Strom aus der PV-Anlage
Moderne Wärmepumpen haben eine Schnittstelle, über die die PV-Anlage mitteilen kann, dass die Sonne scheint und es von Vorteil wäre, die Heizung einzuschalten. So wird das Warmwasser für die Dusche neu über Mittag bei Sonnenschein mit dem eigenen Strom erhitzt und nicht mehr in der Nacht bei Niedertarif aus dem Netz. Rainer Gutensohn, Produktmanager für Wärmepumpen bei Viessmann, sagt, dass bei gut 10% der neuen Anlagen bereits heute die Wärmepumpe mit einer PV-Anlage kombiniert wird. «Der Preis von PV-Anlagen sinkt von Jahr zu Jahr und die Technologie ist in aller Munde», sagt Gutensohn. Seit dem 1. Januar 2018 ist zudem der Eigenverbrauch des Stroms nach dem Energiegesetz explizit erlaubt. Davor hing es vom lokalen Energieversorger ab, ob er den Eigenverbrauch tolerierte.
Wärme speichern
Wer eine Wärmepumpe mit Erdsonde hat, kann die Solarenergie saisonal im Boden speichern. Die Effizienz einer Wärmepumpe wird mit dem Coefficient Of Performance (COP) angegeben, auf Deutsch «Leistungszahl». Eine gute Wärmepumpe hat beispielsweise einen COP von 3,9 bei einer Soletemperatur von 2°C in der Erdsonde und einer Vorlauf-/Warmwassertemperatur von 45°C. Das bedeutet, dass mit 1 kW Strom 3,9 kW Wärme produziert werden können. Bleibt die Sole nun dank Regeneration 7°C warm – nahe der unbeeinflussten Temperatur des Erdreichs von 10°C, liegt die Leistungszahl bei 4,4. Die Wärmepumpe gibt mit gleich viel Strom 13% mehr Wärme ab.

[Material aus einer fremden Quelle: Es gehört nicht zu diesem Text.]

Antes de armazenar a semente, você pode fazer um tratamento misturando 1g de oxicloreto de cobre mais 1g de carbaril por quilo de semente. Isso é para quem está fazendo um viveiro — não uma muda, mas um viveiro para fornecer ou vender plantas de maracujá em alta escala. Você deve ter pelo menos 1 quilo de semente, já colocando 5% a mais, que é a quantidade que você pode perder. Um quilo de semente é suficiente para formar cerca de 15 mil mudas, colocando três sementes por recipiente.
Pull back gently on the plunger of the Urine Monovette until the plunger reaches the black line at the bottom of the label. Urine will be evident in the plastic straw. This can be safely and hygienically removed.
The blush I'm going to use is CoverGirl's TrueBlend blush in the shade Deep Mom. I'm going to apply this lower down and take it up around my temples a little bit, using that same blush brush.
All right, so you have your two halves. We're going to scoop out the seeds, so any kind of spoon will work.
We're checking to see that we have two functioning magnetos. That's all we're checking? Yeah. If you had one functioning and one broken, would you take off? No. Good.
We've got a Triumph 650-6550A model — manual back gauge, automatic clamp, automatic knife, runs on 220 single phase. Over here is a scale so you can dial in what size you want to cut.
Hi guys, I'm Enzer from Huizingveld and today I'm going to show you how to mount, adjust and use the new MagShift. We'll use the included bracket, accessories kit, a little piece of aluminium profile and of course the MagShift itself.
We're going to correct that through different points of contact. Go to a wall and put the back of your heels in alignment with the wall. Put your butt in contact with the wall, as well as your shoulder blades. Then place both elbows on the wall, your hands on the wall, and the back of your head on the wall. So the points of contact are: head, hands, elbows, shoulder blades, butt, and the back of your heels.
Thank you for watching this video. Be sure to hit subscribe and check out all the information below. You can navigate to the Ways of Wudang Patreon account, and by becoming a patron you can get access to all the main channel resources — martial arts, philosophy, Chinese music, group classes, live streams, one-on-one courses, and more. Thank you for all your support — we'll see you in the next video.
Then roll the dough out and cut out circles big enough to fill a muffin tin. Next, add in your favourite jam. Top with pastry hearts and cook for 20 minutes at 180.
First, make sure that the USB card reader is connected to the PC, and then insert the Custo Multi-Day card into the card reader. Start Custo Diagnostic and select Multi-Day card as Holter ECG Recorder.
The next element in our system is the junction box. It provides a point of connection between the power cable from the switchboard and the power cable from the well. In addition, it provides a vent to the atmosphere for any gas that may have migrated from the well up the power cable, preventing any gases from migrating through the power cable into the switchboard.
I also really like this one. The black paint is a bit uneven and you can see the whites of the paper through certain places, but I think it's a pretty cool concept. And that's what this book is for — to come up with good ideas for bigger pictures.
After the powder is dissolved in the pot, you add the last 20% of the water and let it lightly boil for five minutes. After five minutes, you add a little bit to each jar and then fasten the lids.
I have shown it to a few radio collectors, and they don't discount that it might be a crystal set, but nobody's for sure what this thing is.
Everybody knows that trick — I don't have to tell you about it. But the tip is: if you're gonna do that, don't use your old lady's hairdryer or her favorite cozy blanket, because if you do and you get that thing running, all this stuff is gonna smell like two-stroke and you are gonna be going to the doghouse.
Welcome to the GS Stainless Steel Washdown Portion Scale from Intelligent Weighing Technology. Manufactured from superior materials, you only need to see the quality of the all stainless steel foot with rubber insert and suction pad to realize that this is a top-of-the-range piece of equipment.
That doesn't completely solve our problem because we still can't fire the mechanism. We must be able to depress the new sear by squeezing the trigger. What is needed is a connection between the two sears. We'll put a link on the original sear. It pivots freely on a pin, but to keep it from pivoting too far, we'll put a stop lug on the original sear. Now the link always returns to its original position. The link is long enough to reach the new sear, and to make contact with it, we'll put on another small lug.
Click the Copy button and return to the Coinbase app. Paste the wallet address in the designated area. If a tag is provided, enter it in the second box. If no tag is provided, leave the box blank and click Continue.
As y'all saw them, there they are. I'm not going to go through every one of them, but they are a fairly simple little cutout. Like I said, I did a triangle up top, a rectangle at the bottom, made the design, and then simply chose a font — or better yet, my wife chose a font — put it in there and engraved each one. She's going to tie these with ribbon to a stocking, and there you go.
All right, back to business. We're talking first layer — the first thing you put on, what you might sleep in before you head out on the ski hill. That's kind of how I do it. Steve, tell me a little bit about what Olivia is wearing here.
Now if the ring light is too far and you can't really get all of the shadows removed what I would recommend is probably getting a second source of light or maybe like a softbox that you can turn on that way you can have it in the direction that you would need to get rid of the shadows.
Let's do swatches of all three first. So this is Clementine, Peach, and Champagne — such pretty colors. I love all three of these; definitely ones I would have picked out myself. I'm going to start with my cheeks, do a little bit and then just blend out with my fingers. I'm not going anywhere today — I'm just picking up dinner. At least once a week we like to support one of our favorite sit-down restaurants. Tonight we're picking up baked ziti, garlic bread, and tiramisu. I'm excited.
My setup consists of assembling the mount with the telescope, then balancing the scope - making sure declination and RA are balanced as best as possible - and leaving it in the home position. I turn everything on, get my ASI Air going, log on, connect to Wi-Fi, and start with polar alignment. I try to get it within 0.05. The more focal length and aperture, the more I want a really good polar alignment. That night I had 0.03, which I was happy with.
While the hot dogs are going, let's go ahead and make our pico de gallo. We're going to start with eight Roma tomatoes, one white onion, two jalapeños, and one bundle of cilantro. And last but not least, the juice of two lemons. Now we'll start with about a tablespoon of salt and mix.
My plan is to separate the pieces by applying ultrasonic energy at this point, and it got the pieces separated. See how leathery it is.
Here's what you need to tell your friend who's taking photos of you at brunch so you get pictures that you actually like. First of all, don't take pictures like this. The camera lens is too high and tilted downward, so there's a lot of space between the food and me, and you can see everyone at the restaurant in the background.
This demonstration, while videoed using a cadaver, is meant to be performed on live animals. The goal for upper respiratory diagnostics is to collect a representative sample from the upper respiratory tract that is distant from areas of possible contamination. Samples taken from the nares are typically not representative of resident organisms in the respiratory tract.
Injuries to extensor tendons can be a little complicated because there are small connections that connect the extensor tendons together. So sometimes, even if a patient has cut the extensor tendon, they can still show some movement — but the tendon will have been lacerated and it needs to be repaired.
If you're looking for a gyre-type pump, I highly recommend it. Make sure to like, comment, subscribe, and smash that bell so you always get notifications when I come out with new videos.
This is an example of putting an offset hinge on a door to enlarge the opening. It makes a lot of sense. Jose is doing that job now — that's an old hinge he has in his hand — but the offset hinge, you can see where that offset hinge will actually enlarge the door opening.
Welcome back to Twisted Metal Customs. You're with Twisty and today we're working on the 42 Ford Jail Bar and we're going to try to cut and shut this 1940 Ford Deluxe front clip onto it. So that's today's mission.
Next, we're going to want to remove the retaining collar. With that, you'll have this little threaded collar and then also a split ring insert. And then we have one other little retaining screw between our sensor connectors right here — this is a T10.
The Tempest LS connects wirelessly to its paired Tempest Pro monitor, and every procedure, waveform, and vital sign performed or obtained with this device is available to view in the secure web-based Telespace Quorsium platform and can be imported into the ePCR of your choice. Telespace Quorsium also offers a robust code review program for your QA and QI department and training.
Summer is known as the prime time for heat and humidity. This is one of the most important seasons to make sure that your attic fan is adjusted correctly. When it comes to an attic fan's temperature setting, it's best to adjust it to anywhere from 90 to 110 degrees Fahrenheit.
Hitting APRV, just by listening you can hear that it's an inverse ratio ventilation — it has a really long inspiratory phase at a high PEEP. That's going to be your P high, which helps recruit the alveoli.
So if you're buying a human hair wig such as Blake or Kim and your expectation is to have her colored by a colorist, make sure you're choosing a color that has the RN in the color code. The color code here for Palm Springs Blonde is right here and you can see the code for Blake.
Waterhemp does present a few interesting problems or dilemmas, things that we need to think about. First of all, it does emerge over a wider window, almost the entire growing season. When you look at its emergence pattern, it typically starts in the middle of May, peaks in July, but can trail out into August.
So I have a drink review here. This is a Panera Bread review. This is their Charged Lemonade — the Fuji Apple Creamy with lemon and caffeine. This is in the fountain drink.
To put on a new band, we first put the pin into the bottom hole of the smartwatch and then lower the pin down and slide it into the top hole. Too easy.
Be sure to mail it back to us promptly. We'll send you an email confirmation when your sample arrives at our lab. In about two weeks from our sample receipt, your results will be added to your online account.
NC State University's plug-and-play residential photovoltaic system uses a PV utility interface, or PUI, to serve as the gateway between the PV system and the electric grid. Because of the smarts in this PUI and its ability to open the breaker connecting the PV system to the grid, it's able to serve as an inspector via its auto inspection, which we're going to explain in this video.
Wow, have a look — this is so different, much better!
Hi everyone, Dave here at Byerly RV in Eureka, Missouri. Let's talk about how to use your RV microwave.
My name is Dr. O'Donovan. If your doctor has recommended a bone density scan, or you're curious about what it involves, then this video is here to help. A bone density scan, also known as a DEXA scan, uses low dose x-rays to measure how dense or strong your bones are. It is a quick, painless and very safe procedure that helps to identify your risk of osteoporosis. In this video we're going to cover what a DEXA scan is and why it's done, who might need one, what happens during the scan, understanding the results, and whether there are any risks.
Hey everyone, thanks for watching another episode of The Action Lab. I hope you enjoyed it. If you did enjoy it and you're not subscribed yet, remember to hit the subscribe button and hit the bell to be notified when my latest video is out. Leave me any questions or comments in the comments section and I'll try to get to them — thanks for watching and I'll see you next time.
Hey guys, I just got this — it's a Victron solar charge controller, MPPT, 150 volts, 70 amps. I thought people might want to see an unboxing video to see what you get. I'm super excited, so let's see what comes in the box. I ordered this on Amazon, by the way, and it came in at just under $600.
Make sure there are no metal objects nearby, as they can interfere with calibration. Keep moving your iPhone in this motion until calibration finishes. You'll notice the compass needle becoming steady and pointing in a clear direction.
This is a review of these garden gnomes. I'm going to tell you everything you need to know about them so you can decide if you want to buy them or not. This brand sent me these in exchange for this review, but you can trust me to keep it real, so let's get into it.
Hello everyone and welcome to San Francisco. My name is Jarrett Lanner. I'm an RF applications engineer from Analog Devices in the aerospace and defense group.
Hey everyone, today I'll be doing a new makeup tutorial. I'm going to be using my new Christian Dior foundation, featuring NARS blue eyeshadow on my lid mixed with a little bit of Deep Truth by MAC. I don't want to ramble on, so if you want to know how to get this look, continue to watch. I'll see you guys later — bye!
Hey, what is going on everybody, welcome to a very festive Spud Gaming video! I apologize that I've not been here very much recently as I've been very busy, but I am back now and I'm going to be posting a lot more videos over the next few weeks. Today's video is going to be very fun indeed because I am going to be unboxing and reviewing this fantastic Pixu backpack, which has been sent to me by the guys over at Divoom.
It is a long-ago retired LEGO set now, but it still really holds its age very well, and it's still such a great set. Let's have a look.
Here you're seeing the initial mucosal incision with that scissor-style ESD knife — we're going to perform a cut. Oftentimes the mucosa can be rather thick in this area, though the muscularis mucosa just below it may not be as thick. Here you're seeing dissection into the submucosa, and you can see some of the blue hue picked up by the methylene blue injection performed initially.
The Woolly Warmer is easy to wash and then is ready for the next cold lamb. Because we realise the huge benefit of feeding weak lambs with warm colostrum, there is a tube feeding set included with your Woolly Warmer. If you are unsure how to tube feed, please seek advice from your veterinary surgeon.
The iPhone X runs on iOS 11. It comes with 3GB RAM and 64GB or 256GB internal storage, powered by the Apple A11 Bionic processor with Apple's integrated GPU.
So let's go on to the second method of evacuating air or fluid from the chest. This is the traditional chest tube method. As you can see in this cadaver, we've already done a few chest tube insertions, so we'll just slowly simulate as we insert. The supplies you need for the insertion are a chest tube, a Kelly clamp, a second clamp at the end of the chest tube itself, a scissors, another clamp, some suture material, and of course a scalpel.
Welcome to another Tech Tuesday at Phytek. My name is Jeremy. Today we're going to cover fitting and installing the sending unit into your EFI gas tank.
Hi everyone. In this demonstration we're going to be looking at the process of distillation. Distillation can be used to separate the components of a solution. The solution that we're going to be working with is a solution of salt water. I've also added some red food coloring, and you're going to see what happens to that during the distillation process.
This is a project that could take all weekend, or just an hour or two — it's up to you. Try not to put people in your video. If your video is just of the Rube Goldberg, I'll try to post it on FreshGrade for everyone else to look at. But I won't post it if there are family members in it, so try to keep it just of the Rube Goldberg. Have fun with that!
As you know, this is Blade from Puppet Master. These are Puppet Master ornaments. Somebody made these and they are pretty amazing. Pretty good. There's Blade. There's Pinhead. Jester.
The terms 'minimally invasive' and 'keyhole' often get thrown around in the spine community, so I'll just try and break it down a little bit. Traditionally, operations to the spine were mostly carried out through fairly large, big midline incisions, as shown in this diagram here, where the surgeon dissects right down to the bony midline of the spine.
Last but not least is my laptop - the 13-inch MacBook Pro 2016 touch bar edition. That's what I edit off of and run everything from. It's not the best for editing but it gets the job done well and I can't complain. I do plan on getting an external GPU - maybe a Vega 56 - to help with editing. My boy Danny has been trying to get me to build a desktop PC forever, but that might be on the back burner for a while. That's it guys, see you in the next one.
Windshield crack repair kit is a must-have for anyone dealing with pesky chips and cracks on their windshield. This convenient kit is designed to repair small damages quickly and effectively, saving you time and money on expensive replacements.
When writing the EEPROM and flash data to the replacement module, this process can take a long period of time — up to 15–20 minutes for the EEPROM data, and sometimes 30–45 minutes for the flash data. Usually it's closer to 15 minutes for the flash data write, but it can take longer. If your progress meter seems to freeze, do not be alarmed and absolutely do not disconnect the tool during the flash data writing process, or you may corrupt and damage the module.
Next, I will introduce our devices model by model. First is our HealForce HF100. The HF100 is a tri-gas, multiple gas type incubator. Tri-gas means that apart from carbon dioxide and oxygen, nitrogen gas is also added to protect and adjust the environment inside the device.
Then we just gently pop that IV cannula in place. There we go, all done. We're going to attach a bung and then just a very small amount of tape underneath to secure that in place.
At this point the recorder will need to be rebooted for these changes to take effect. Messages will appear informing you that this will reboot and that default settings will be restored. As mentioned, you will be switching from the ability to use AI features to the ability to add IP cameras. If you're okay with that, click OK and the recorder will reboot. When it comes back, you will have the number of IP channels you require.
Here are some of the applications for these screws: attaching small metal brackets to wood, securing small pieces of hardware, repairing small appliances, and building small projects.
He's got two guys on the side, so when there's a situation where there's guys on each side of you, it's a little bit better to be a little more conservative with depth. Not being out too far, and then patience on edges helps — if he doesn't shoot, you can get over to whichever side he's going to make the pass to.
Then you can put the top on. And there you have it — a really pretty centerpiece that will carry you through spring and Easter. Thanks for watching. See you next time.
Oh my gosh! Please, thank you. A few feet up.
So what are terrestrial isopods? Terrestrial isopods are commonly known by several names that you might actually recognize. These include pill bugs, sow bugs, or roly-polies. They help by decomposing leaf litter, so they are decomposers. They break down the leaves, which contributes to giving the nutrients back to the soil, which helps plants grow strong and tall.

In der Praxis wichtiger ist die Jahresarbeitszahl – quasi der COP für die ganze Heizungsanlage.[1] Hier wird berücksichtigt, dass sich die Temperaturen der Erdsonde und die benötigten Vorlauftemperaturen der Heizung übers Jahr verändern. Typische Jahresarbeitszahlen liegen laut Michael Geissbühler, Geschäftsführer von PVT Solar, bei knapp 4 für eine gute Erdwärmesondenheizung und bei Werten zwischen 4 und 5 für Anlagen mit regenerierten Erdsonden oder andern saisonalen Speichersystemen (wo Erdsonden nicht erlaubt sind, bieten sich Erdregister oder Eisspeicher als Alternativen an).
Forschungstagung 2015
Die Idee, Wärmepumpen mit Solarenergie zu kombinieren, gibt es schon länger. Bereits 2015 war dies ein Schwerpunkt an der jährlich vom Bundesamt für Energie (BFE) veranstalteten Wärmepumpen-Forschungstagung. Mittlerweile bieten alle Hersteller entsprechende Geräte an, um entweder die Erdsonde zu regenerieren oder PV-Strom zu nutzen. Robert Diana, beim Verband Suissetec Leiter des Fachbereichs Heizung, sagt, dass die Kunden bereit sind: «Viele Bauherren wünschen sich, die Wärmepumpe mit Solarthermie oder Photovoltaik zu kombinieren.» René Naef, Ingenieur und Planer für Haustechnik mit Schwerpunkt Solarenergie, bestätigt dies: «Die Bauherren investieren gerne in Heizungsanlagen, die Solarenergie nutzen.» Die Leute wollen nicht nur umweltbewusst leben, sondern dies auch zeigen. Da sei es schon attraktiv, dass man die Solaranlage von aussen sehe. Und es sei nicht mehr wie vor zehn Jahren, als Wärmepumpen und Solarthermie Konkurrenten waren: «Heute sind die beiden Technologien verheiratet. Sie ergänzen sich gut.»
«Nicht zu viel erwarten!»
Sowohl Naef als auch Diana warnen aber vor übertriebenen Erwartungen: «Technisch und regulatorisch muss man einige Dinge beachten», sagt Diana. So sei beispielsweise der Spielraum, in dem das Erdreich bewirtschaftet werden könne, relativ klein. Die PE-Leitungen der Erdsonde dürfen wegen des Materials nur bis ca. 40°C erhitzt werden. Auch der Eigenverbrauch der PV-Anlage kann nicht beliebig gesteigert werden. In der 2019 publizierten Studie «Lewasef» [2] haben Ralf Dott und sein Team an der FHNW Muttenz die Kombination von Wärmepumpen und Solarenergie im Labor getestet. Wenn der Überschuss der PV-Anlage in den Warmwasserspeicher und in die Fussbodenheizung geleitet wird, steigert sich der Eigendeckungsgrad der getesteten Anlage von 47 auf 50%.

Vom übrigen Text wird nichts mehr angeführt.